Alla fine del percorso che l'impasto deve fare sulla tela, il foglio di carta comincia ad avere una sufficiente consistenza per essere staccato dal supporto su cui è adagiato e permettere quindi l'inizio di una nuova fase di lavorazione.
Allorché il foglio abbandona la tela, contiene ancora una forte percentuale di umidità.
Tale valore è molto variabile a seconda del tipo di macchina, di impasto e di grammatura, ma normalmente si aggira tra il 60 e l'80%.
3.3.2 LA SEZIONE PRESSE, LA SECCHERIA E L'ARROTOLATORE
Una volta staccato dalla tela il foglio di carta viene adagiato su un feltro; questo è un tessuto sintetico poroso a forma di nastro continuo il cui compito, in primo luogo, è di far avanzare il foglio, su di esso posato, alla successiva sezione presse.
L'altro fondamentale compito del feltro deriva dal fatto che a questo punto del processo il foglio da solo non può essere compresso, perché la sua maggiore componente è l'acqua ed un eventuale tentativo di compressione farebbe sì che le fibre vaganti nel mezzo acquoso si muovano disordinatamente distruggendo la struttura del contesto già formato.
Se invece la pressione viene esercitata sul foglio quando questo giace sul feltro soffice ed assorbente, l'acqua di spremitura si trasferisce al feltro senza disturbare il contesto fibroso.
Le presse sono costituite da coppie di cilindri contrapposti il cui numero e dimensione variano con le caratteristiche della carta da fabbricare.
Dopo l'ultima pressa termina la parte della continua detta zona umida.
Da questo punto in avanti il foglio viene asciugato mediante calore. La carta entra in un complesso di cilindri chiamato seccheria e da questo punto in avanti la rimanente parte della macchina continua viene detta zona secca.
La funzione della seccheria è quindi quella di asciugare il foglio di carta, cioè di disidratarlo quasi completamente (circa 5% di acqua finale).
Il nastro di carta entra in seccheria ad una temperatura intorno ai 15C e deve essere portato gradualmente ad un valore poco superiore ai 100C, onde consentire la trasformazione dell'acqua trattenuta dal supporto fibroso in vapore. Questa vaporizzazione dell'acqua deve avvenire nel tempo impiegato dal nastro di carta a percorrere lo spazio rappresentato dalla seccheria.
Tutta la seccheria è ricoperta da una cappa di alluminio al fine di evitare correnti di aria fredda, con conseguenti dispersioni di calore, ed in modo da ottenere una buona ed omogenea distribuzione del calore su tutta la sezione trasversale del foglio.
A questo punto si può indicativamente dire che, per una tonnellata di impasto secco, diluito in cassa di afflusso allo 0.5% significa una massa di acqua pari a circa 200.000 litri.
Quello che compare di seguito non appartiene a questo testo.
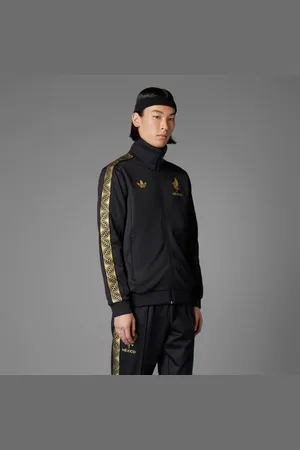 adidas Mexico Gold Sportjack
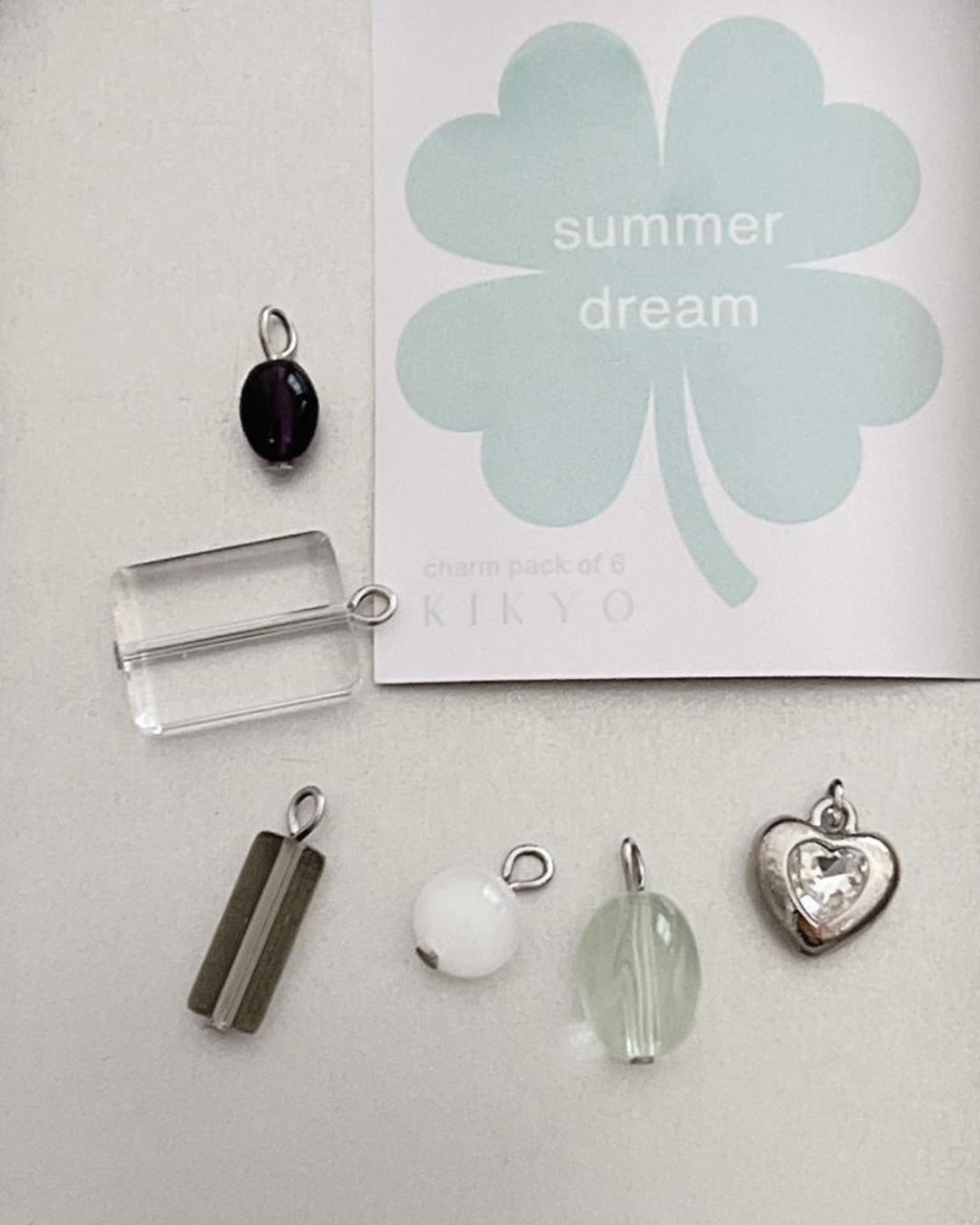 Seika Yume Necklace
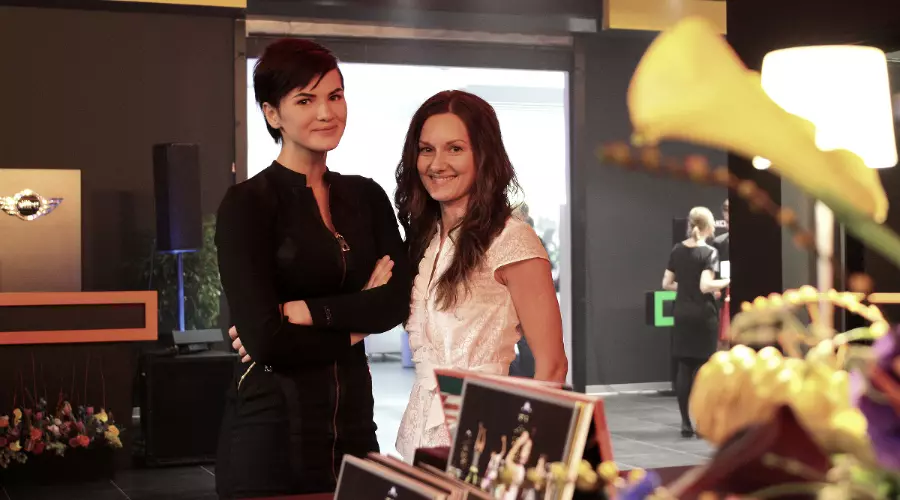 ДЦ "Модус" – новый дом BMW, MINI и Motorrad в Краснодаре &copy;&nbsp;Фото ЮГА.ру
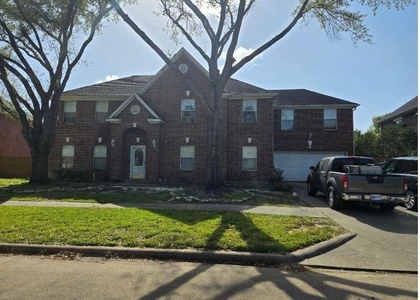 19711 Dusty Creek Drive - Photo 1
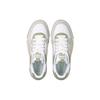 Puma  Cali Sport In Bloom - Desert Sage Women Sneakers White 375049-02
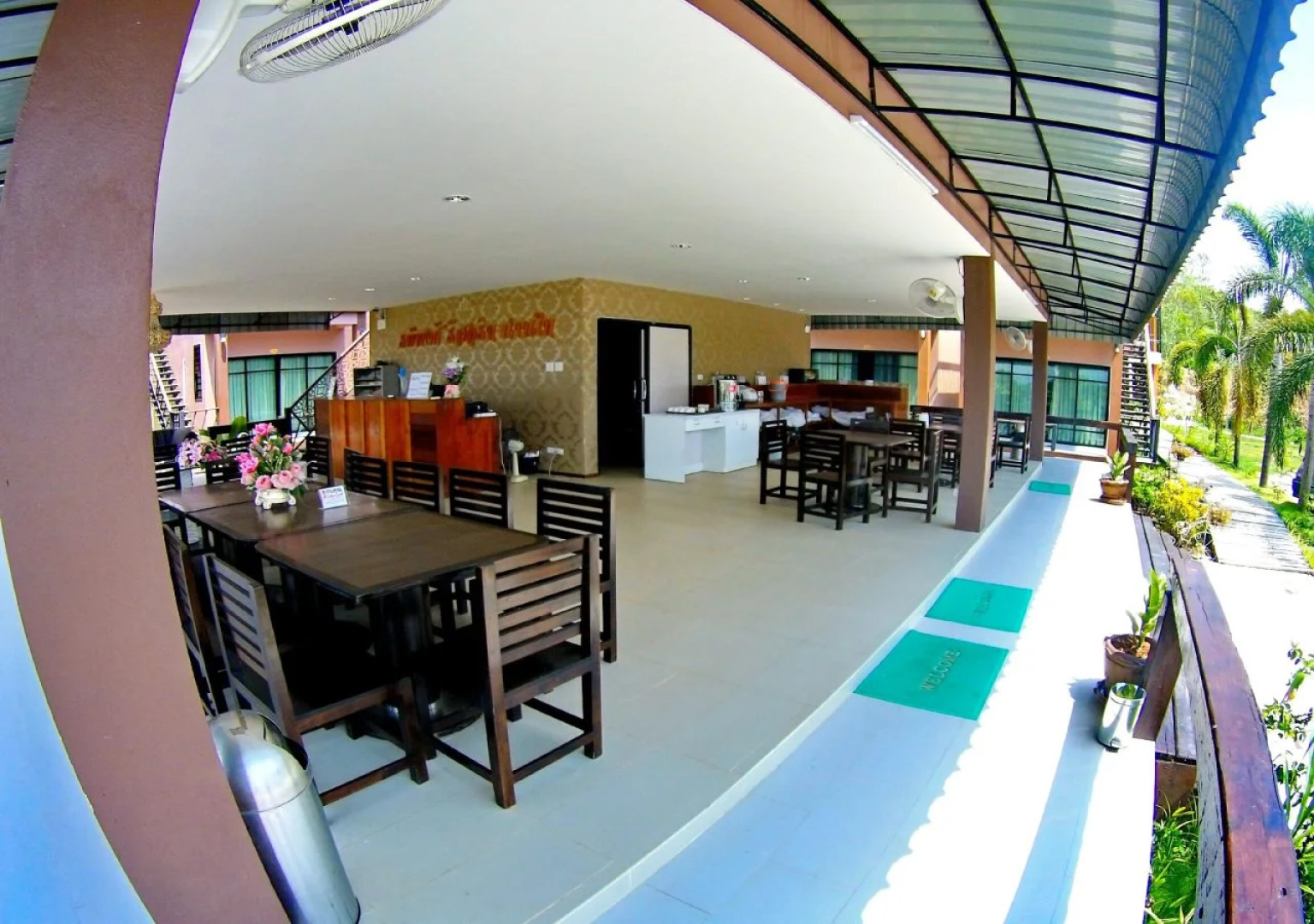 Rapeepong Resort Nanthai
Il passaggio sulla tavola piana asporta circa 195.000 litri, 1.700 vengono asportati dalle presse e circa 2.300 devono essere asportati per evaporazione nelle seccherie.
La macchina per la produzione della carta si chiama continua in quanto il foglio di carta si genera senza interruzioni.
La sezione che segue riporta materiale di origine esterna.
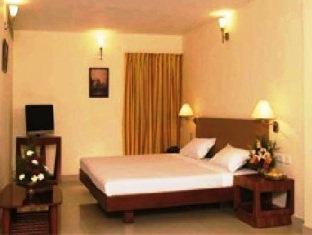 Hotel Orchid Kochi Ngoại thất bức ảnh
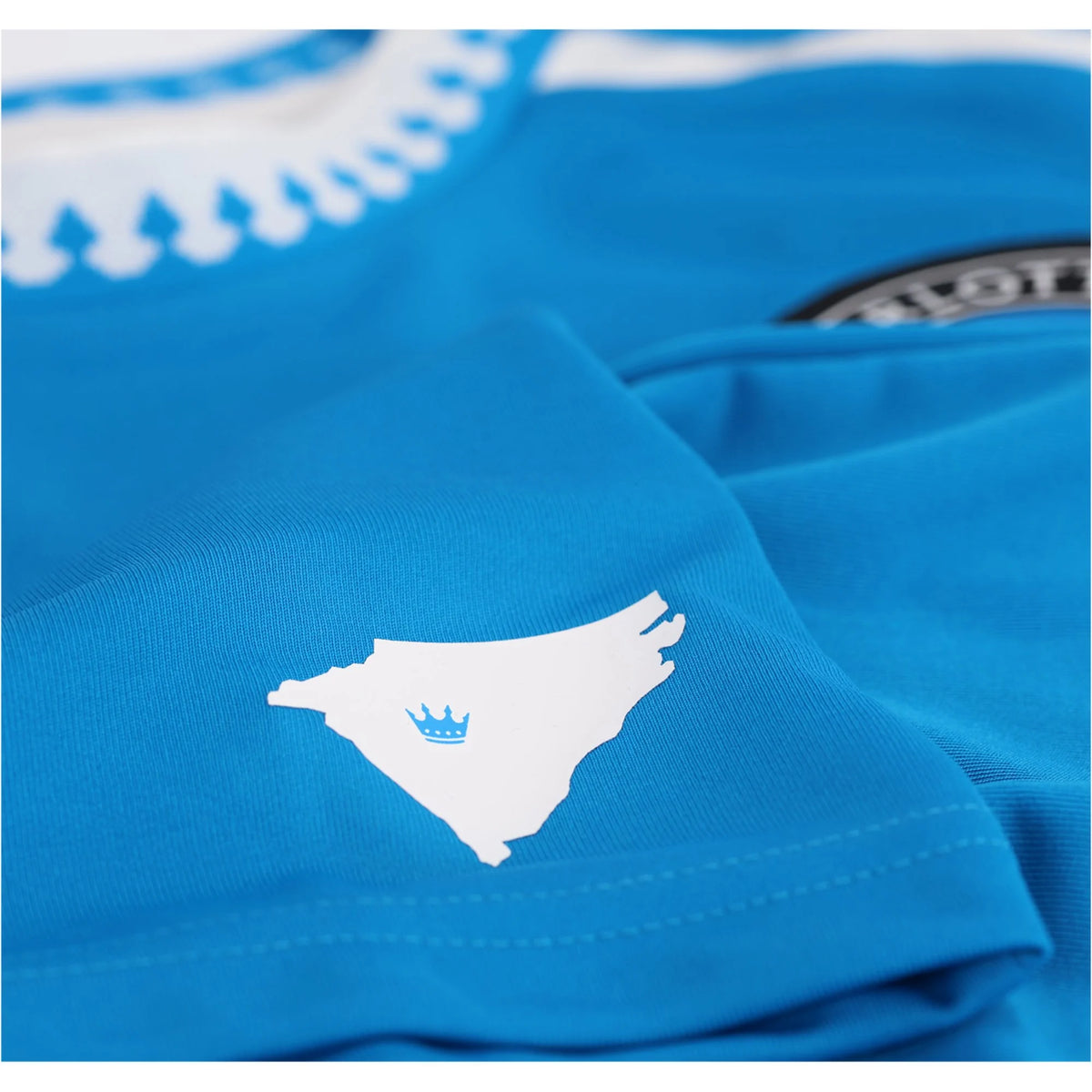 Replica adidas Charlotte FC Home Jersey 2026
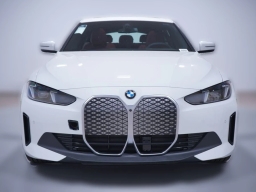 BMW i4 eDrive40 Gran Coupe 2026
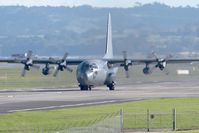 NZ7001 @ NZAA - New Zealand - Air Force C-130 - by Andy Graf-VAP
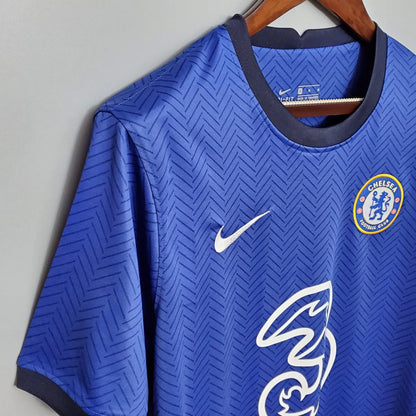 CHELSEA 2020/2021 HOME UEFA CHAMPIONS LEAGUE FINAL JERSEY
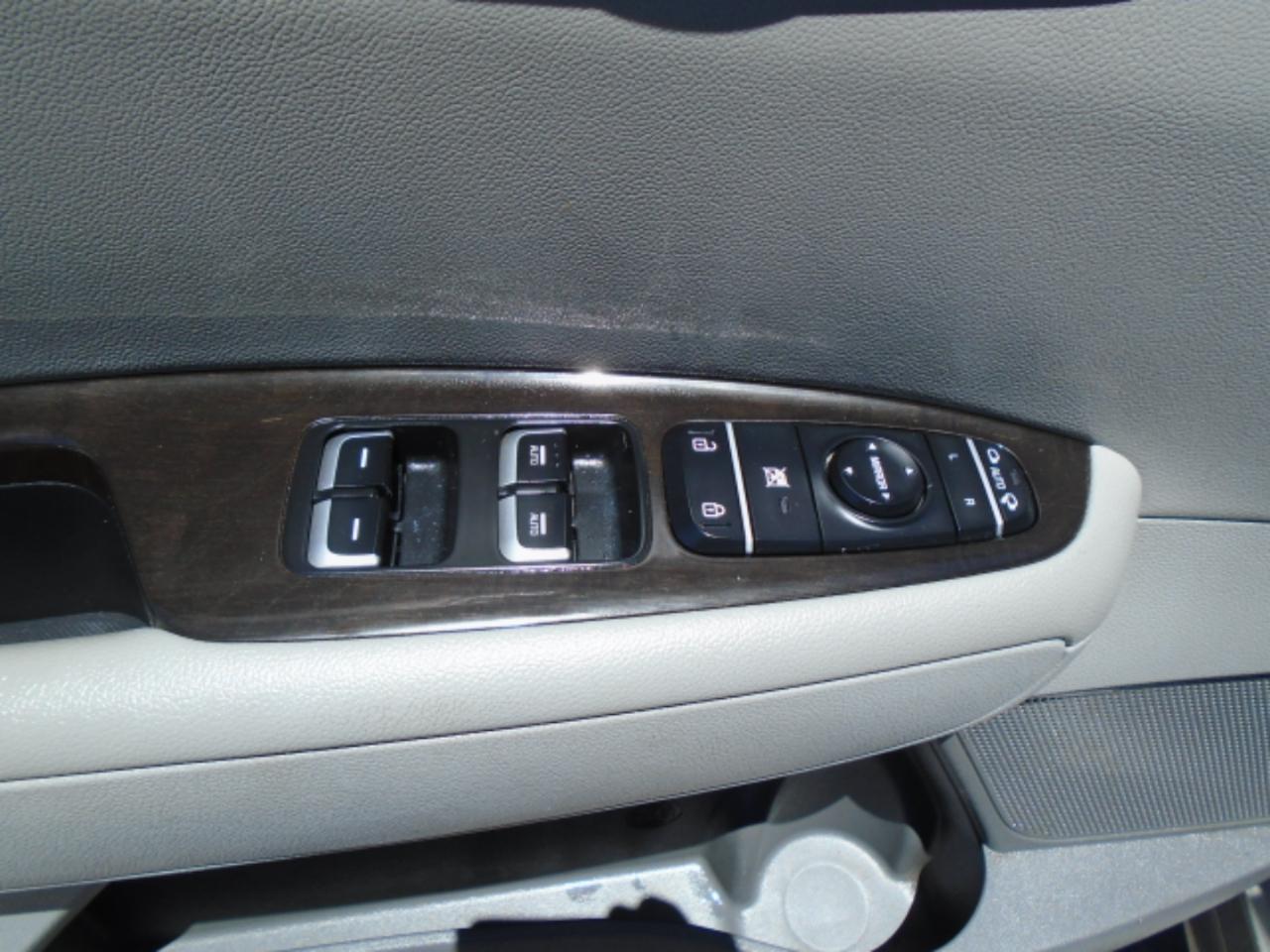 Kia Optima EX 2016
Quando il foglio esce dalla seccheria viene avvolto, nella sezione arrotolatore (pope), su un'anima che funge da supporto per la carta che vi si avvolge intorno.
Si crea così una bobina del peso di diversi quintali e di larghezza pari alla larghezza utile della macchina.
Agli effetti commerciali e per le successive fasi di allestimento, le bobine devono avere determinate dimensioni e pesi. Pertanto periodicamente è necessario togliere la bobina formatasi ed avviare l'avvolgimento di una nuova. Questa operazione si realizza senza fermare la macchina continua, predisponendo, vicino alla bobina completa, una nuova anima pronta per essere avvolta dal foglio.
L'operatore di macchina, con un sistema particolare, comanda la rottura del foglio che viene trasferito dalla bobina piena sulla nuova anima da riempire.
La bobina, come tale, viene utilizzata direttamente solo in determinati casi come ad esempio per la stampa di giornali; generalmente, invece, viene trasferita al reparto allestimento o trasportata ad altre industrie trasformatrici che la riducono nei formati occorrenti ai diversi impieghi.